Both functional and physical properties related to vision are known to be abnormal in amblyopia. The former include spatial and temporal visual deficits such as reduced letter acuity and temporal sensitivity, crowding, and decreased position acuity; the latter refers to eccentric and unstable fixational eye movements in strabismic amblyopia. This dissertation represents parallel studies that aim to characterize amblyopic vision from these angles using different approaches.
In the first series of experiments, we systematically explored the size and spacing requirements for identifying a letter among other letters by measuring flanked and unflanked letter acuities in normals and amblyopes, centrally and peripherally, while fixing the medium contrast and brief presentation duration. At fixation, for normals and non-strabismic amblyopes, no crowding has been found: legibility of a flanked letter is limited by overlap masking or acuity depending on the letter spacing. In normal peripheral vision and strabismic amblyopia, legibility is limited by crowding unless the letter spacing is very loose. We show that strabismic and non-strabismic amblyopia are much like normal vision at increased eccentricity or with added blur, respectively, as characterized by the crowding-acuity ratio. For clinical screening tests for strabismic and non-strabismic amblyopia, we recommend measuring both unflanked letter acuity and flanked letter acuity with tight spacing.
In the second series of experiments, we explored the effects of various factors on both flanked and unflanked visual acuities in normal observers. Specifically, we varied polarity, contrast, and duration of the letter stimuli, as well as the pupil size of the observer by adding a pinhole. We find that the critical spacing for crowding in the fovea is 0.09 ~ 0.1 deg. The main effects of and interactions between the above factors provide the context and supplement to the results from the above experiments, based on which we extend the letter legibility model developed from the above experiments by parameterization of each legibility limit to account for a wide range of conditions.
In the third series of experiments, the first experiment estimated the spatiotemporal mechanism for detecting a luminance increment of a bright bar embedded in spatiotemporal noise for normal and amblyopic observers. The normal template is characterized by a temporal summation zone surrounded by symmetric spatial inhibition zones and followed by a temporal inhibition zone. The abnormal amblyopic template lacks inhibition but with normal temporal summation. Neither blurring the stimuli in space and time nor varying the signal-to-noise ratio caused any significant change in the normal or amblyopic template. However, decreasing the fundamental frequency of the stimuli restored the normal template in the amblyopic eye.

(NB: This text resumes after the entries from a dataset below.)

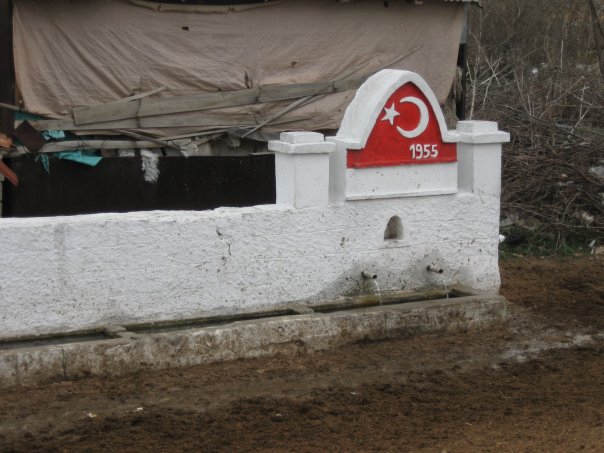 Havsa Köseömer Köyü Resimleri 5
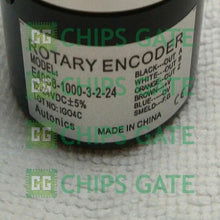 Autonics E40S8-1000-3-2-24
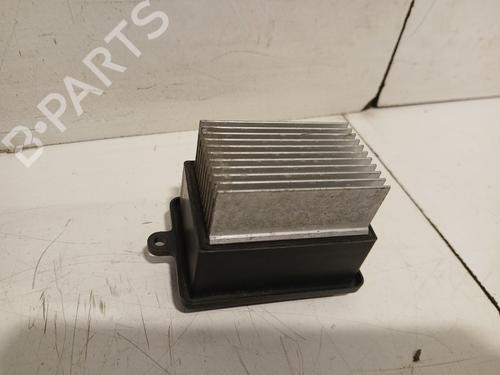 Resistência da chauffage IVECO DAILY VI Van 35S18, 35C18, 40C18, 50C18, 60C18, 65C18, 70C18 (180 hp) 31757361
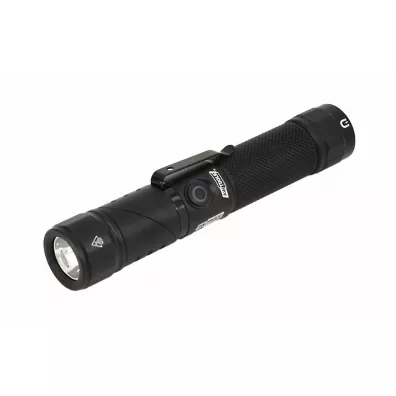 Awtools Latarka warsztatowa contro black line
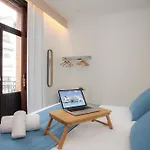 Casual Socarrat Valencia By Casual Hoteles - Adults Only Ξενοδοχείο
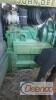John Deere 8300 MFWD Tractor, s/n RW8300P004067 (Inoperable): C/A, Weights, Bad Transmission Lot: 3549 - 3
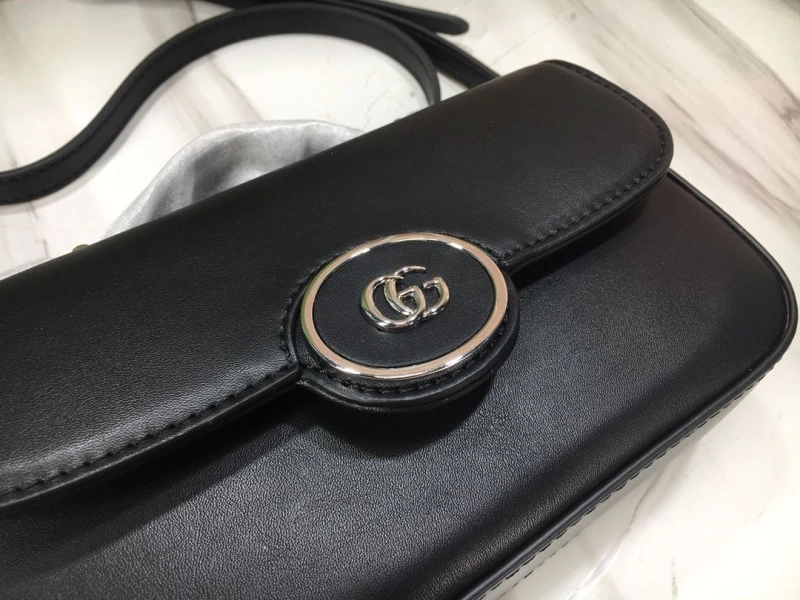 Gucci Satchel Bags 4189A-0159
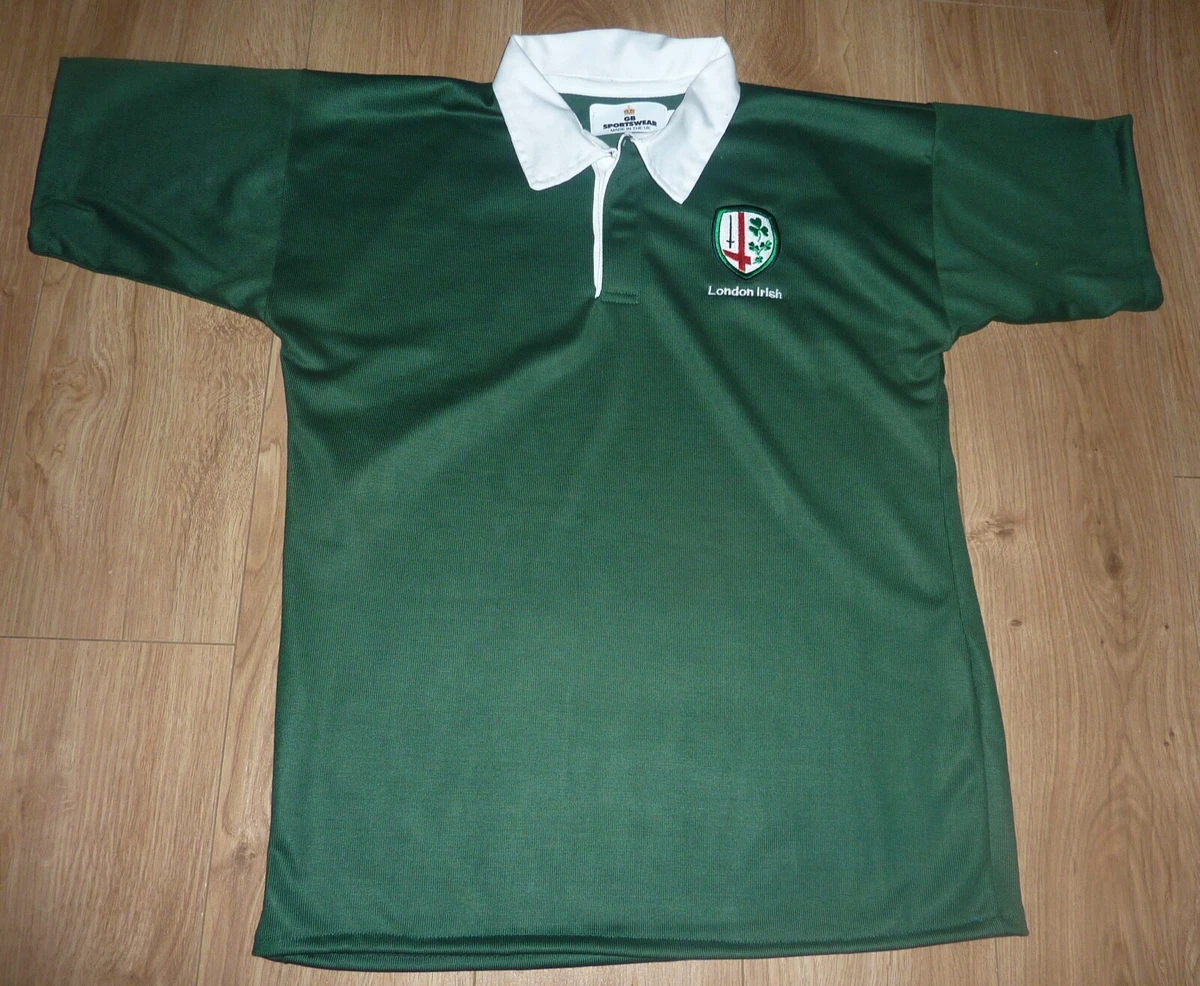 Maillots de rugby vintage : rares, authentiques et pleins de passion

Furthermore, the normal periphery shares spatial properties with amblyopia but the temporal properties may be different. The second experiment mapped the dynamic of spatiotemporal interactions of crowded stimulus orientations in normal and amblyopic eyes. For normal eyes, crowding occurs at locations adjacent to the target in space and around or before the target presentation in time. Different types of cues may affect the spatiotemporal interaction map differently, but the strongest crowding never coincides with the target presentation. The amblyopic spatiotemporal interaction map is not substantially different from that of the normal eyes, except that in general the spatiotemporal interaction is more widely distributed around and after the target presentation. "Anti-crowding" - repulsion of perceived orientation that is induced by farther flankers is documented in both normal and amblyopic eyes.
In the fourth series of experiments, an adaptive optics scanning laser ophthalmoscope (AOSLO) was used to record fixational eye movements, allowing direct viewing of retinal movements and fixation locations. Fixational eye movements were modeled as a stochastic process governed by a potential function assumed to have the form of a quadratic polynomial for both normal and strabismic amblyopic observers. Our results confirm that microsaccades, on average, correct for fixation inaccuracy. Microsaccades occur more frequently and tend to move faster towards the target at relatively large displacements. Drift is modeled as a Brownian motion with constant rate over time plus an error-correcting component initially following a microsaccade. The unstable eccentric fixational eye movements in strabismic amblyopia are characterized by frequent intrusive saccades with large amplitudes and high speeds. The strabismic amblyopic fixation pattern on multiple loci is task dependent, with less eccentric but unstable fixation induced by challenging tasks, and relatively stable fixation by small highly visible static targets.